Each cell in our bodies contains a sequence of DNA that is uniquely ours. This sequence is made up of four kinds of chemicals, known by the letters: A, C, G, and T.
Our genome—the complete set of our genes—comprises three billion of these letters. Thinking of our genome as this enormous set of letters is one way of understanding genetic mutations. Basically, mutations are misspellings. Just as misspelled words happen when a letter is swapped out for another, a genetic mutation occurs when one or more of the four letters aren’t where they should be.
Sometimes these misspellings are innocuous; they don’t make a difference in how our genes behave. But sometimes they are devastating.
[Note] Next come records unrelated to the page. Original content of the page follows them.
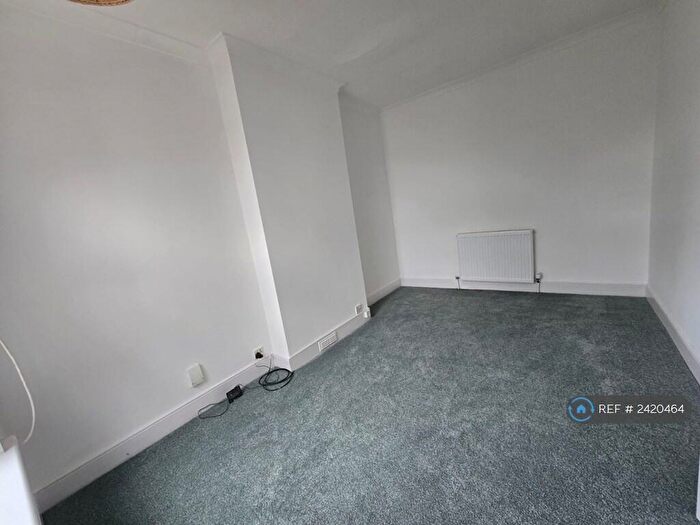 4 Bedroom Semi-Detached House To Rent In Hutland Road, Ipswich, IP4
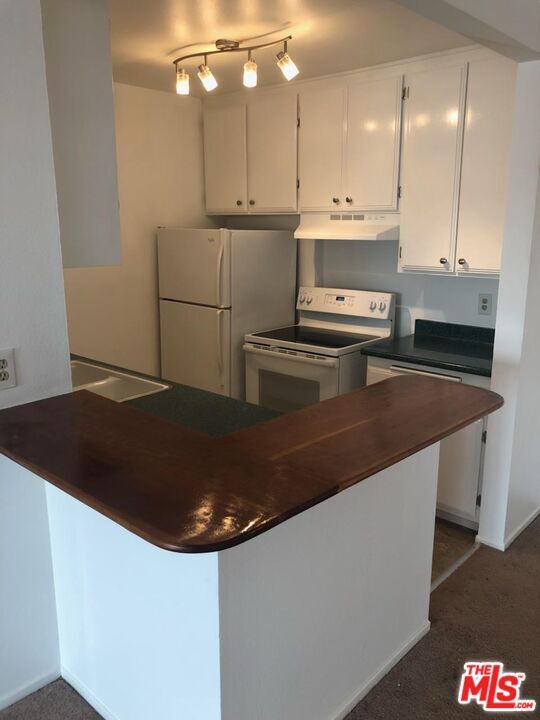 Building Photo - 7765 W 91st St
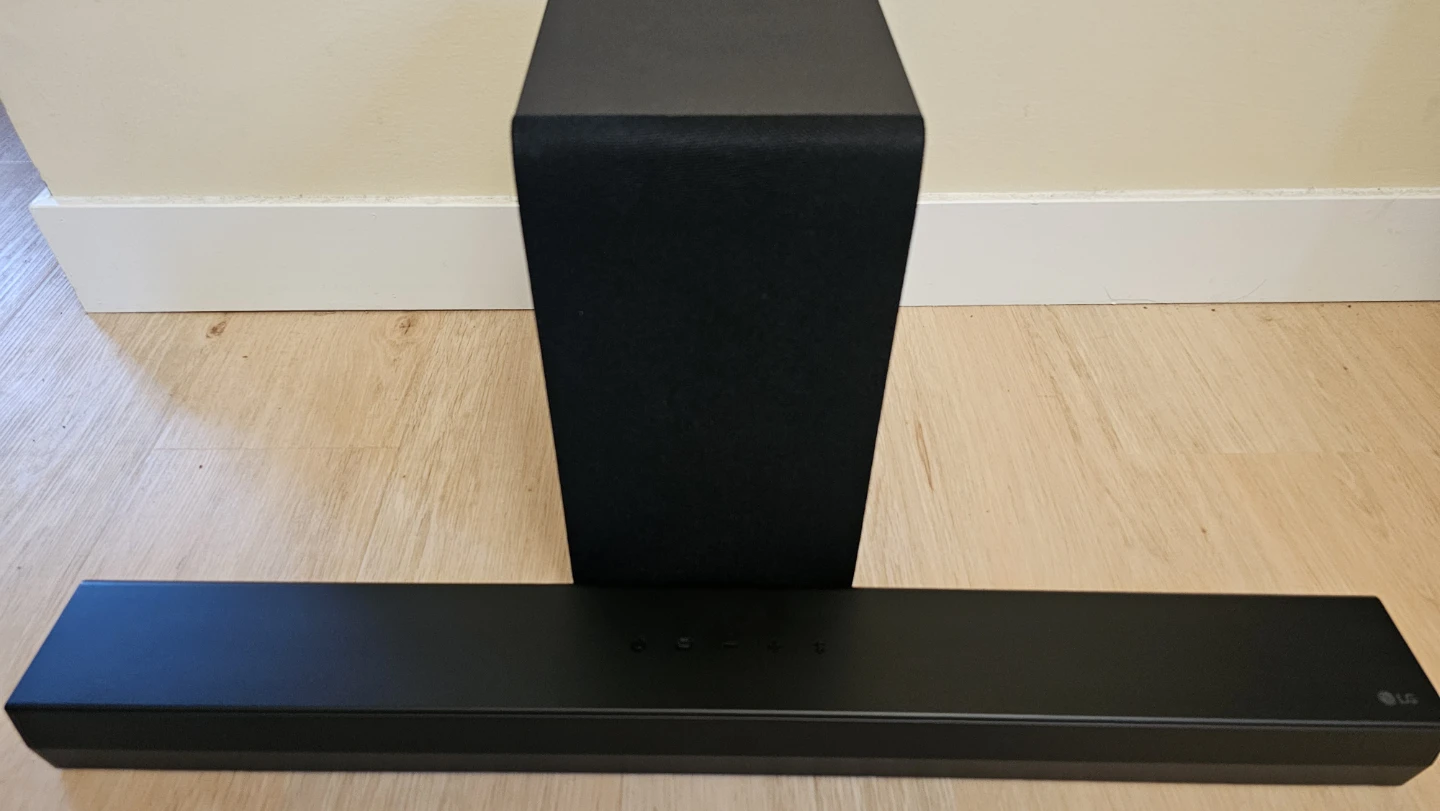 LG S40T Soundbar & Sub
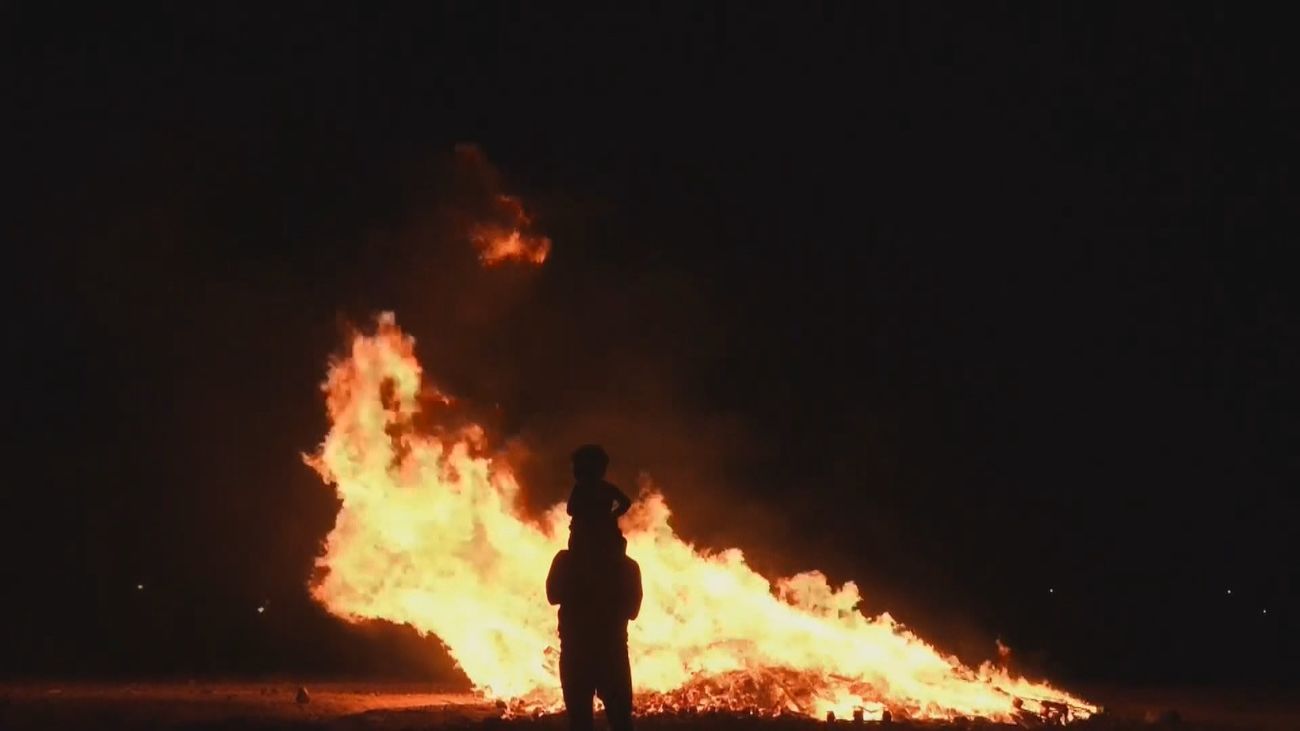 El fuego, protagonista de la noche de San Juan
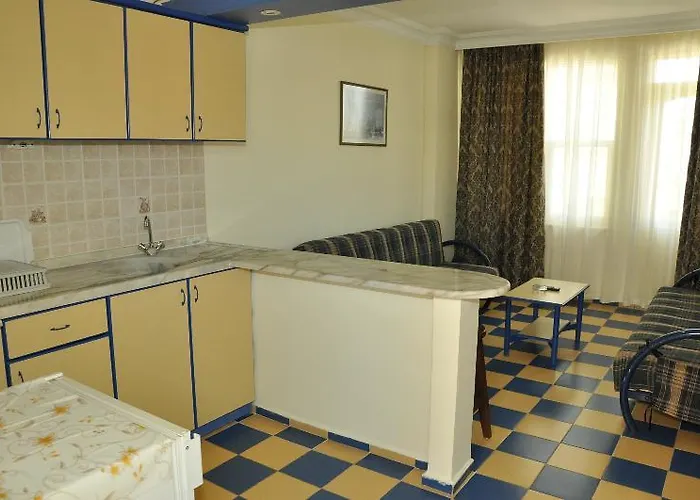 Aparthotel Almera Park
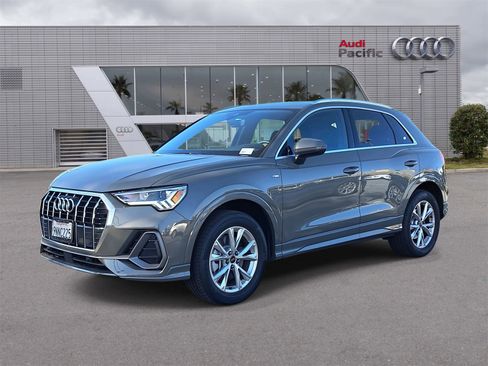 Used 2024 Audi Q3 2.0T Premium w/ Convenience Package image 1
For instance, a single misspelling can cause diseases like cystic fibrosis or Duchenne muscular dystrophy.
Scientists grasped the potential power of a single genomic spelling mistake decades ago, but they still don’t have an easy and consistently accurate way of answering a related question of obvious importance: how do we know which mutations cause disease—and which ones are harmless?
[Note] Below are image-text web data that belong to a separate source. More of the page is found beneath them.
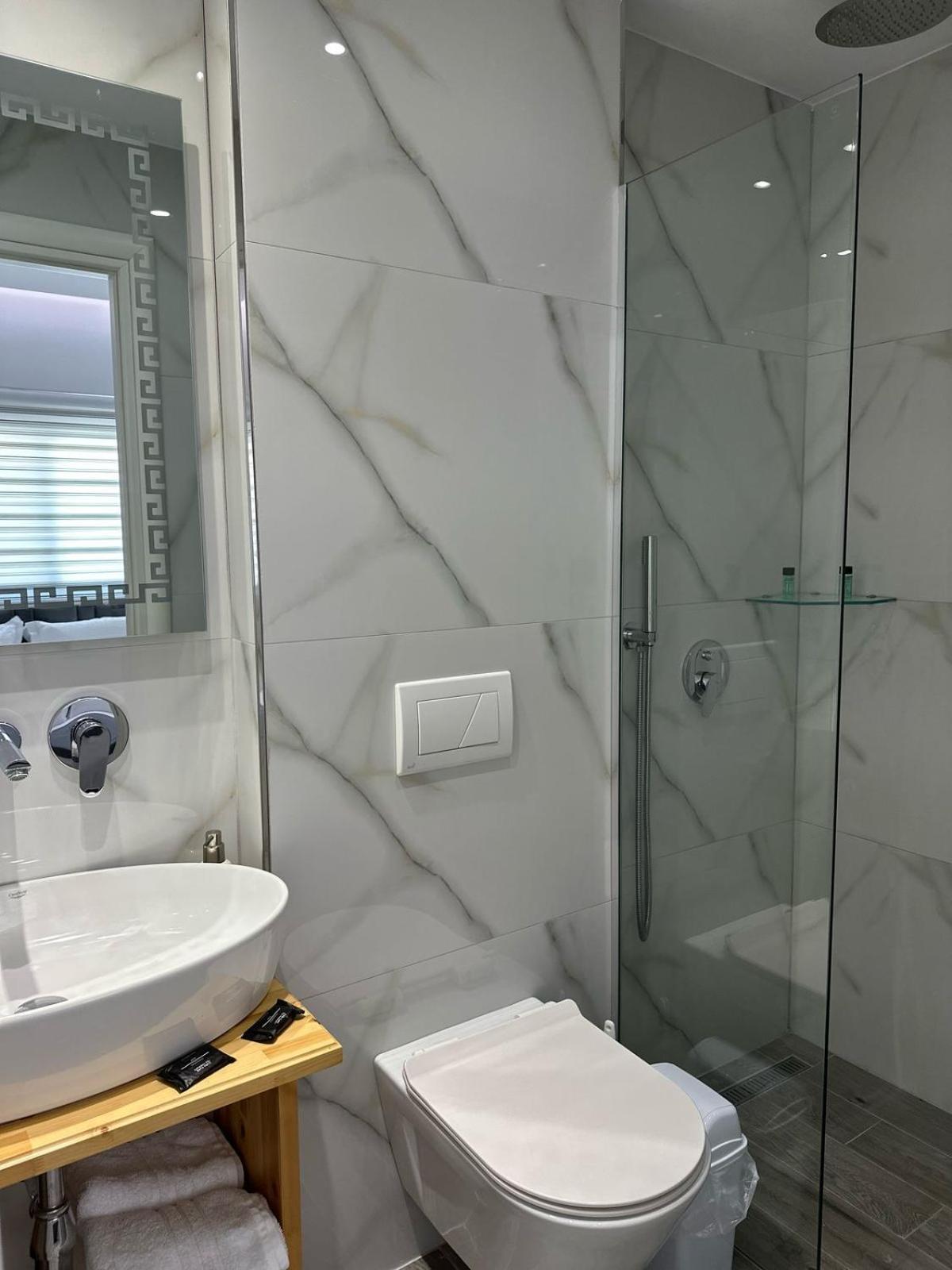 Luxury Villa Alisja Sarande With Private Beach Экстерьер фото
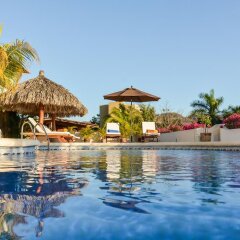 Отель Villas San Sebastián Мексика, Сиуатанехо - отзывы, цены и фото номеров - забронировать отель Villas San Sebastián онлайн бассейн фото 3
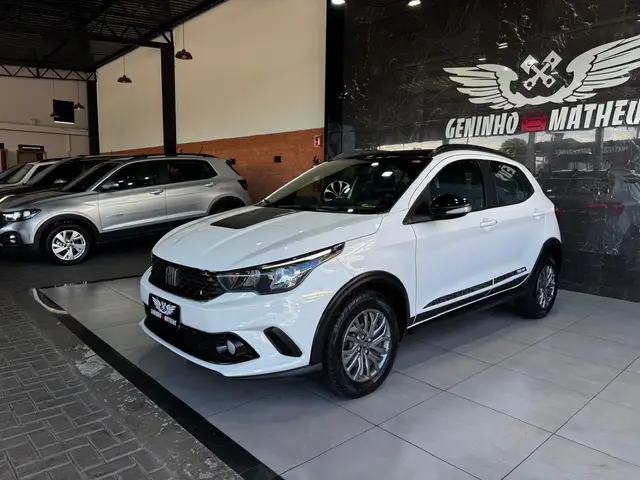 Carro Fiat Argo 2022 Drive 1.3 S-Design (Flex)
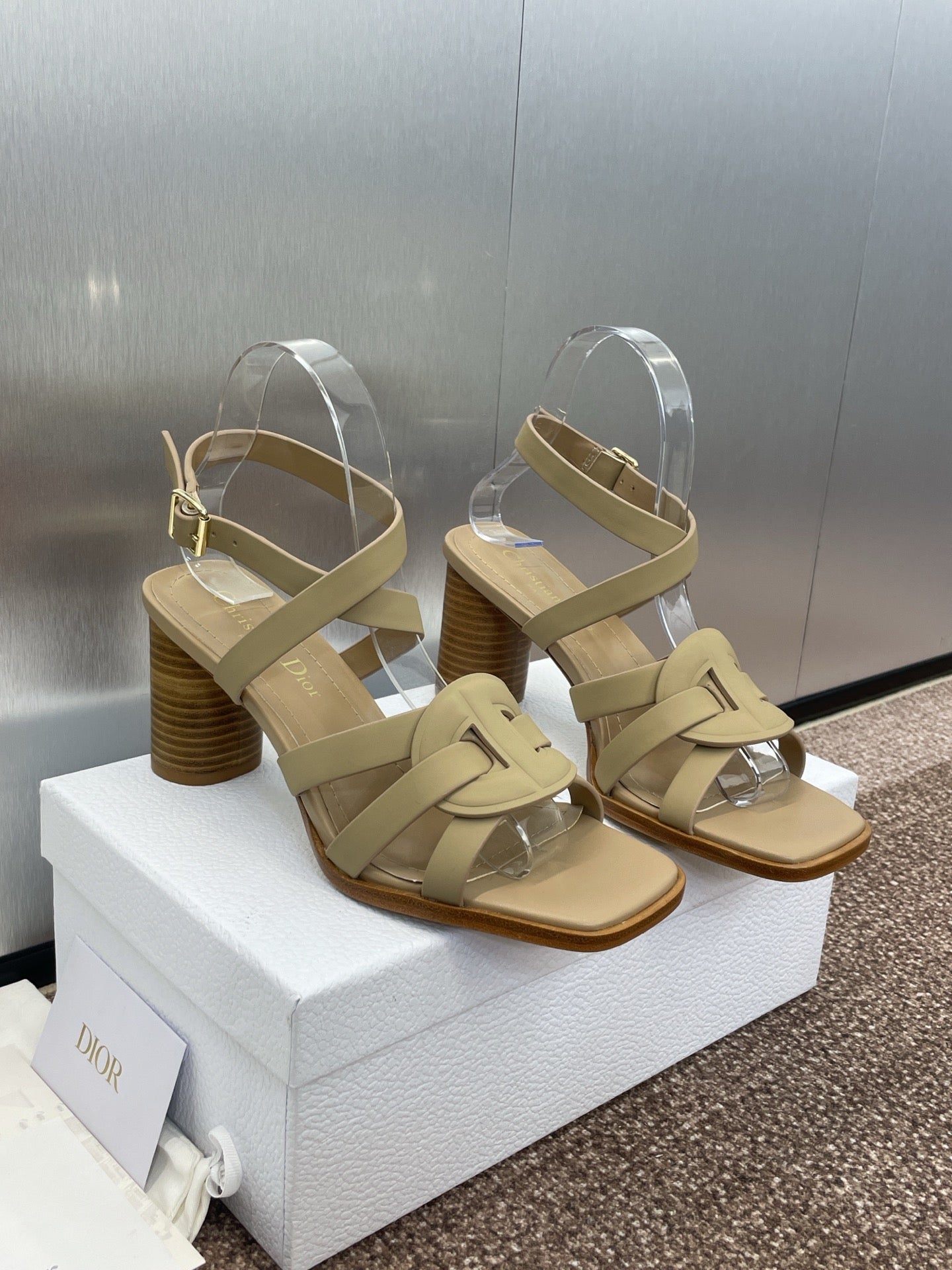 D-CLUB HIGH HEEL SLIDE 25S 80MM IN GOLDEN BEIGE CALFSKIN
An international effort—led by Daniel MacArthur, an institute member at the Broad Institute of MIT and Harvard—is hoping to change that. Two years ago, MacArthur and his collaborators launched the Exome Aggregation Consortium (ExAC), a group with the express purpose of collecting sequenced exomes—the parts of the genome made up of genes that encode proteins.
By comparing tens of thousands of these exome sequences—from both patients and healthy participants—the ExAC team has built the beginnings of a revolutionizing reference database: a spelling guide that helps scientists understand which letters are supposed to be where in healthy patients, and which misspellings are likely to represent a disease-causing mutation.
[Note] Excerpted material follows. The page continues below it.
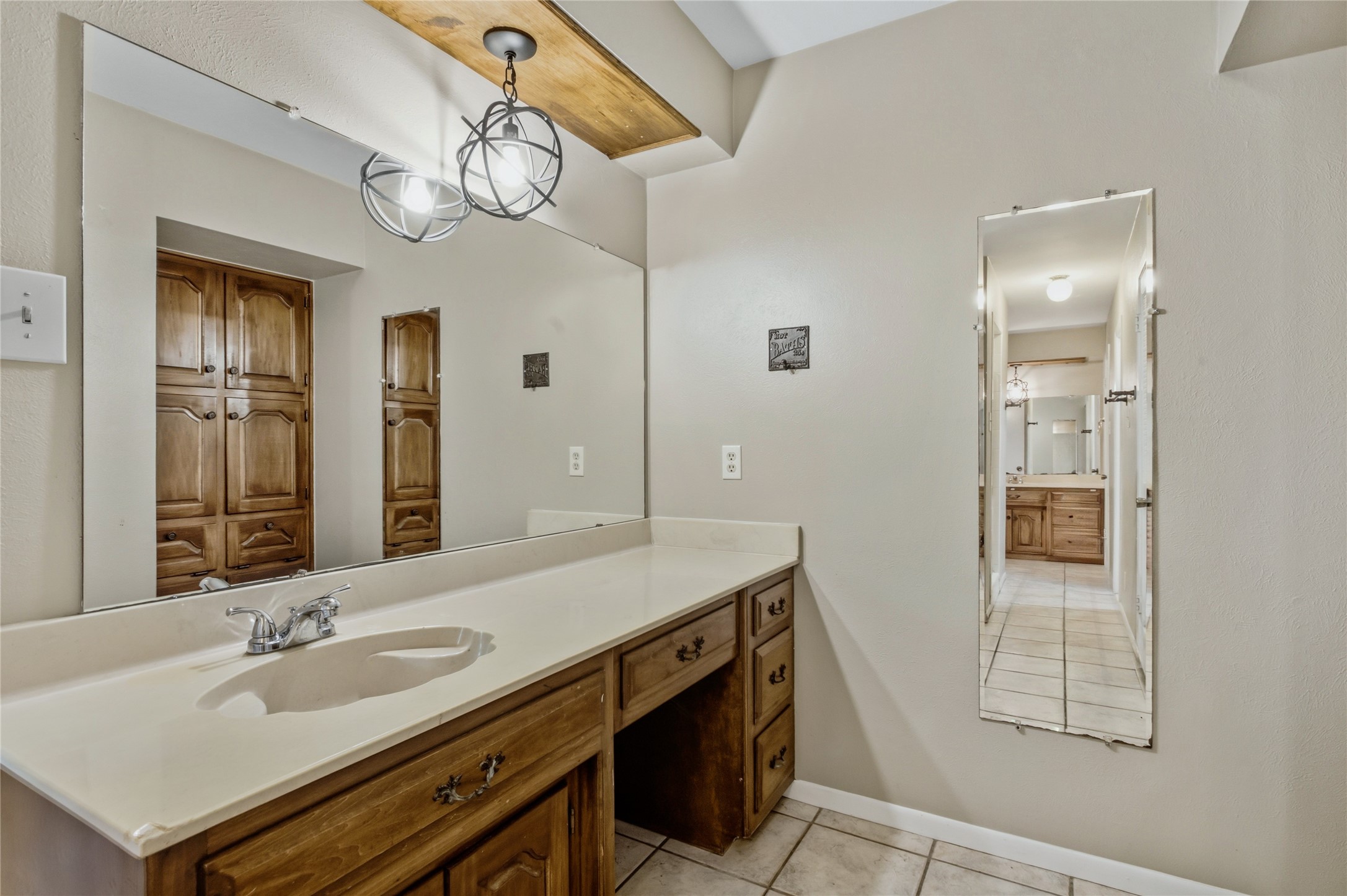 1610 Archer Circle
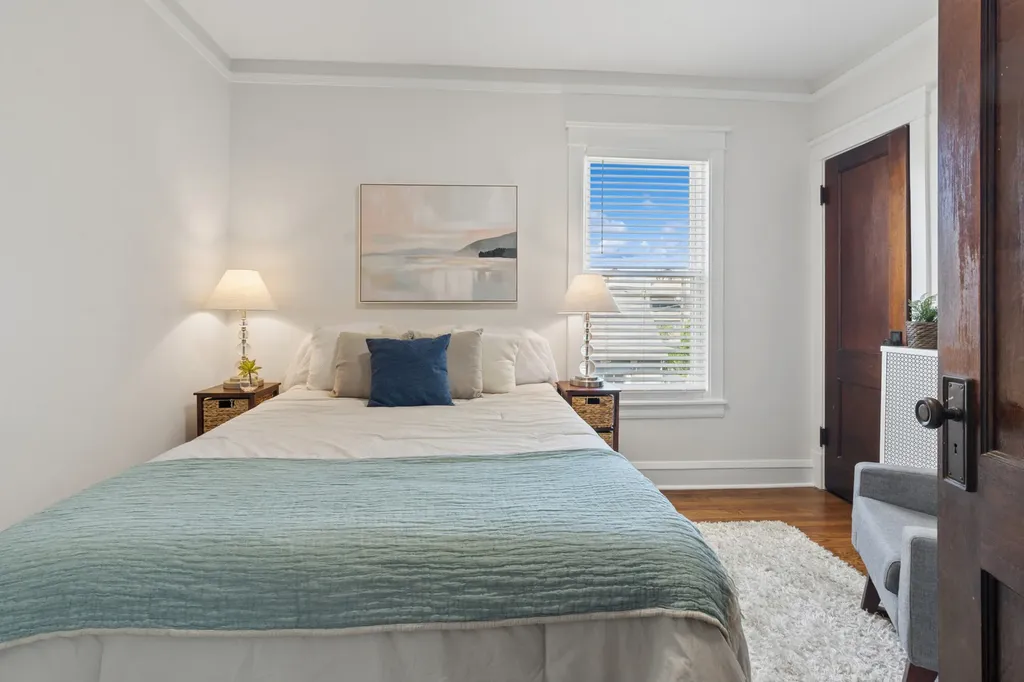 4908 West Pensacola Avenue Chicago IL 60641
For example, using the data ExAC has gathered, scientists have demonstrated that mutations previously associated with multiple sclerosis or prion disease, a fatal brain disorder, were actually not harmful after all. These mutations occurred too often in healthy populations to be the cause of these particular disorders.
Recently, MacArthur’s team bolstered this already powerful resource by adding entire genomes to the database. The new resource, the Genome Aggregation Database, or gnomAD, contains sequences from more than 140,000 people—and continues to grow. And the more it grows, the more it has the potential to become an essential handbook for gene-based precision medicine.
“This project would have been impossible without the willingness of over a hundred research groups to contribute their data, and the Broad Institute's support and computational power,” MacArthur said. “The resulting resource has impacted the lives of tens of thousands of rare disease patients, demonstrating the incredible power of data sharing.”